I'm trying to code a simple graph search in SWI-Prolog. I came up with the following program:

adjacent(1,4). adjacent(4,2). adjacent(3,6).
adjacent(6,4). adjacent(7,10). adjacent(4,9).
adjacent(5,10). adjacent(7,10). adjacent(7,12).
adjacent(6, 11). adjacent(13,11). adjacent(9,14).
adjacent(14,12). adjacent(10,15). adjacent(9,12).

connected(X,Y) :- adjacent(X,Y); adjacent(Y,X).

path(A,B,[A|B]) :- connected(A,B).

path(A,B,[A|R]) :-
    \+member(R,A),
    connected(A,C),
    A \== C,
    path(C,B,R).

But this program causes a stack overflow. What am I doing wrong and how can it be fixed?

+2  A: 

The main problem here is the member test: the signature is member(Element,List); you seem to assume that the arguments are the other way 'round.

In addition, your first path predicate is meant to test a two-element list, however, B really unifies with the rest list (which then isn't connected).

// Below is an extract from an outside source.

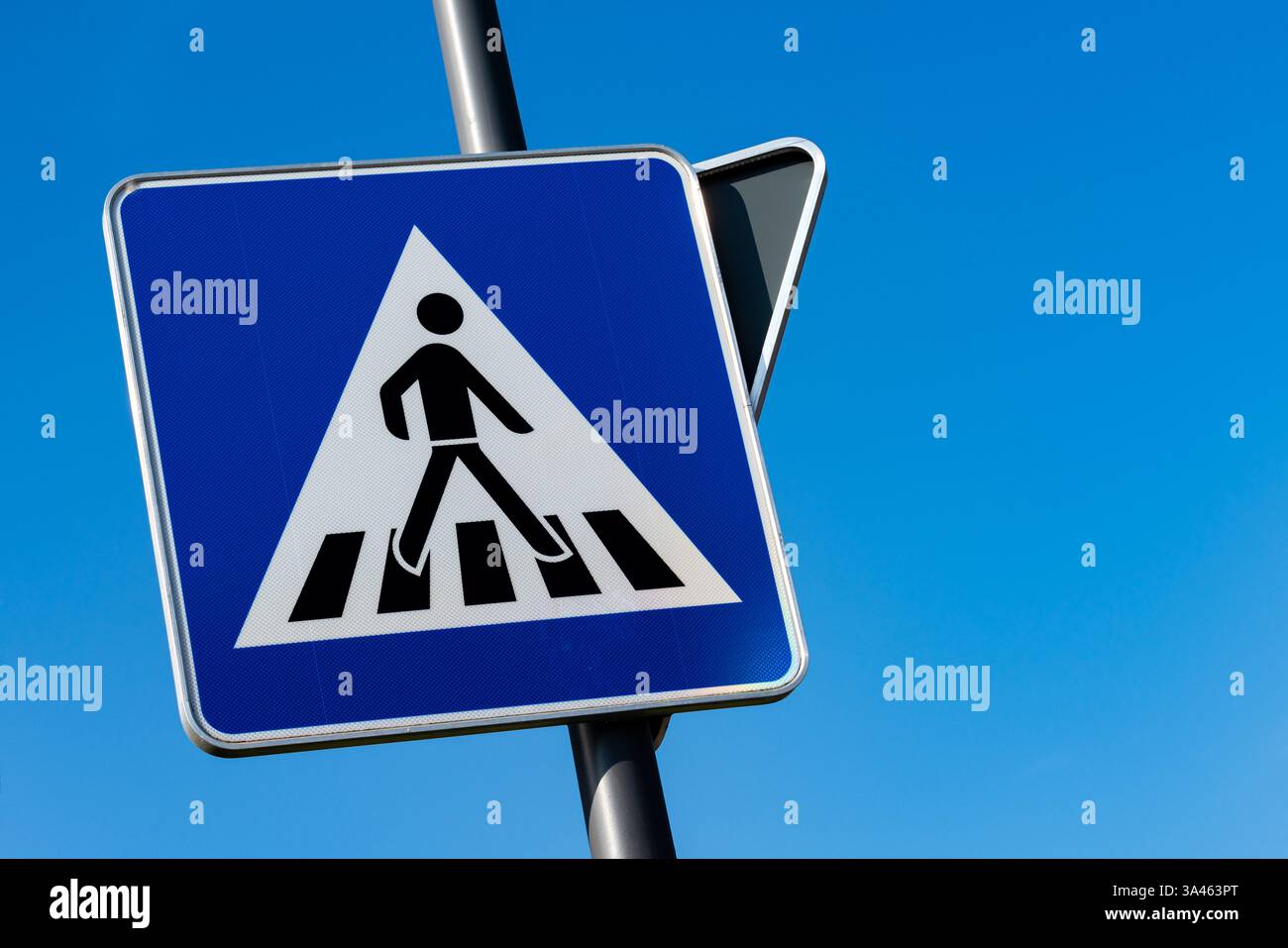 Un cartello triangolare di attraversamento pedonale mostra una figura che cammina su strisce bianche. Il cartello è montato su un palo sotto un cielo azzurro, sottolineando S. Foto Stock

If you fix these, you find that this can only work for fully instantiated variables, as the negation doesn't work well for unbound variables.

Martin v. Löwis
+1  A: 

You are trying to use the returned path also as a check for avoiding loops. That won't work when searching for a path because the path is not yet instantiated at the negation.

The simplest solution is to add another input argument where you collect the nodes already visited and check these to avoid repetition.

Also, I think you should check A \== B instead of A \== C. You don't have loops on nodes, so the latter will never happen. The case A == B is handled in the first clause, so you don't want to do that again in the second clause.

You also got the arguments of member backwards and need to fix the list in the first clause, as Martin has written.

An advanced way to avoid infinite loops without an extra argument is to use freeze/2 on the negation.

Also take a look at how debugging works in Prolog, that might help you understand things better.